Michael Douglas and Matt Damon in Cannes Photo: FDC - T Delange |
How did Steven Soderbergh manage to seduce two mainstream stars like Michael Douglas and Matt Damon, persuading them to let it all hang out and much more besides for his Liberace opus Behind The Candelabra?
With Douglas it began with a chance overture while they were both working together on Traffic some 13 years ago when the director already had an idea he would like to focus on the flamboyant entertainer.
“I became a bit paranoid when Steven suggested it and wondered why he thought of me then I heard nothing until I received the script, based on his lover Scott Thorson’s book,” he said. An emotional Douglas also noted that it came just as he was recovering from a bout of cancer. “It was a beautiful gift from Steven and Jerry Weintraub [the producer]”
Damon, who at an impressionable age used to watch the Liberace TV shows with his parents, said he never had a moment’s hesitation. “I chose movies on who is directing them. So to have a director like Steven and to have a script that was so beautifully written and offered phenomenal roles there was no contest. As for being in bed with Michael Douglas I now have things in common with Sharon Stone and Demi Moore and I look forward to comparing notes with them.”
Soderbergh edited the film in the camera as he went along, which helped the pace of the 32-day shoot. Damon explained: “We would shoot a scene and I would go home fairly early, have dinner and put my kids in the bath, then open up my Ipad, go to a website and look at what we had shot that day, completely cut together. It certainly helped you to understand the movie that you were making and it helped to put my nerves at ease.”
Douglas was astonished by the fact that the shoot finished on a Friday and by Monday Soderbergh had completed the first cut. “This is the first time I have played a character whom people knew who he was. My first task was to get the voice right and once I had that everything else fell in to place.”
Soderbergh said that film studios were not convinced they would make their money back on the project but HBO had no such qualms. “The television airing means we will have a bigger audience than in the cinema so I am not complaining,” he said. “For a film on a budget of 25million dollars you need to earn 50 million at the box office to make any kind of profit and they were not convinced we could do that with a subject that had such a gay ethos.

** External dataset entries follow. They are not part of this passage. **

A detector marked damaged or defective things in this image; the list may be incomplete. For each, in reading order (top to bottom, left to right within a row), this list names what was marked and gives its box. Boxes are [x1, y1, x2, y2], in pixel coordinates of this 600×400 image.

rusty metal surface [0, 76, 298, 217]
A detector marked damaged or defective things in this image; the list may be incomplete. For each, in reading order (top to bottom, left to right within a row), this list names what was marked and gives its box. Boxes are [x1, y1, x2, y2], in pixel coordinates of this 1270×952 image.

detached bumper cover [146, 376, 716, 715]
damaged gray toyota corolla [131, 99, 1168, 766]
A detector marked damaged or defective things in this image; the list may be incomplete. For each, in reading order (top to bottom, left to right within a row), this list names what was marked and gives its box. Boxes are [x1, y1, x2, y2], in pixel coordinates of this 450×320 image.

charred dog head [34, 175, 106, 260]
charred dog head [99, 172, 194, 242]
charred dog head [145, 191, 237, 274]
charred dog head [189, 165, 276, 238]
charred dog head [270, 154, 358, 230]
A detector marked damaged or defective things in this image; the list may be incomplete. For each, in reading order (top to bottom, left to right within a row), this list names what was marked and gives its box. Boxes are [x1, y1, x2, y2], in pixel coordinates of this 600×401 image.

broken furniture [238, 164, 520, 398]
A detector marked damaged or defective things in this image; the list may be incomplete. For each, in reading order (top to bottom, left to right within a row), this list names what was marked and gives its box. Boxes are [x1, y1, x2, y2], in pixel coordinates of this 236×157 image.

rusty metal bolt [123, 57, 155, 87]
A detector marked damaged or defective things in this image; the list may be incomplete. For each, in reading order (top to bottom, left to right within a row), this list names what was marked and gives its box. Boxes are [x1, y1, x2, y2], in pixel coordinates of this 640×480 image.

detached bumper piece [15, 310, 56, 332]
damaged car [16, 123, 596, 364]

“There has been a gradual migration of audiences towards television, especially for films with more serious or challenging subjects. I have noted it in last ten years. There is a lot of great TV being made in the States right now and television is taking control of a conversation that used to be the exclusive domain of movies. Is it secular or cyclical? I do not know but it is definitely a golden age of TV in the States.”